El Paso Police make arrest in 45-year-old murder case
The El Paso Police Department has made in arrest in a 45-year-old murder investigation.
Willie James Johnson, 70, was arrested in Madison County, Mississippi in connection with the death of Doris Rivers. He has been charged with murder.
Rivers, who was 21 at the time, was stabbed to death around 1 a.m. Nov. 12, 1970 in her home in the 200 block of South Glenwood in South-Central El Paso.
Investigators at the time had secured fingernail clippings off of Rivers that were evidence in police custody over the years.
After an inquiry about the case from Rivers’ granddaughter, those clippings were sent to the Texas Department of Public Safety crime lab for DNA testing.
“She knew that her grandmother had been killed,” EPPD Det. Mike Aman said. “She wasn’t sure if we ever caught the killer or not. The initial investigation back in 1970 focused on the male acquaintances of the victim. Most of them were soldiers stationed at Fort Bliss.”
Johnson was an original suspect, Aman said, but there was no evidence at the time leading to him. The results of the DNA test led to the identification and arrest two weeks ago Johnson in Mississippi.

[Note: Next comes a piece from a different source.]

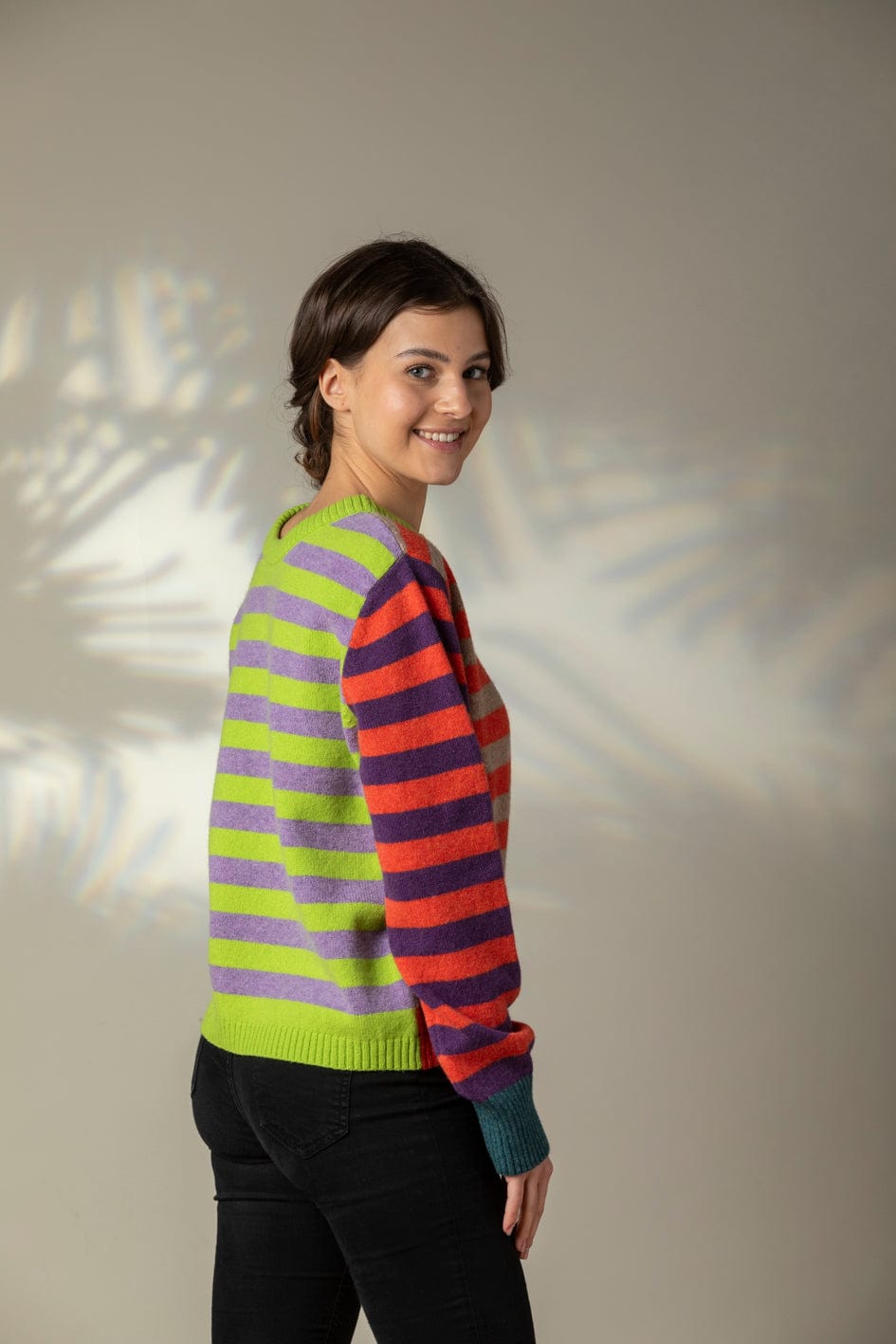 ERIBE Knitwear Knitwear Stobo Stripe Jumper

Johnson had been stationed at Fort Bliss at the time of Rivers’ death and police believe that he wanted a romantic relationship with Rivers but she was not interested in having that type of relationship with him.
“The key thing is DNA can be extracted from various items, bodily fluids, bones, skin cells, hair,” Aman said. “It’s not 100 percent. It doesn’t work 100 percent of the time. What’s critical is that the evidence collected is being preserved in the proper manner. If it’s not preserved or stored properly, in other words if environmental conditions destroy it, than its useless.”
Det. Aman went on to say when the evidence was collected, it wasn’t collected with DNA evidence in mind, because it didn’t exist yet.
“Back then they didn’t have anything,” he said. “They could not do anything with it. There was no DNA in 1970. That came years later. They did not collect that with DNA in the background because they didn’t know about it. They did an excellent job though of collecting that for us, storing it and collecting it properly so we could work with it.”
Johnson is expected to extradited to El Paso to face charges soon. Police Chief Gregg Allen pointed out that the statute of limitations never runs out on a murder.
Police told us this arrest is leading them to look at other cold cases and the possibility of also doing DNA testing.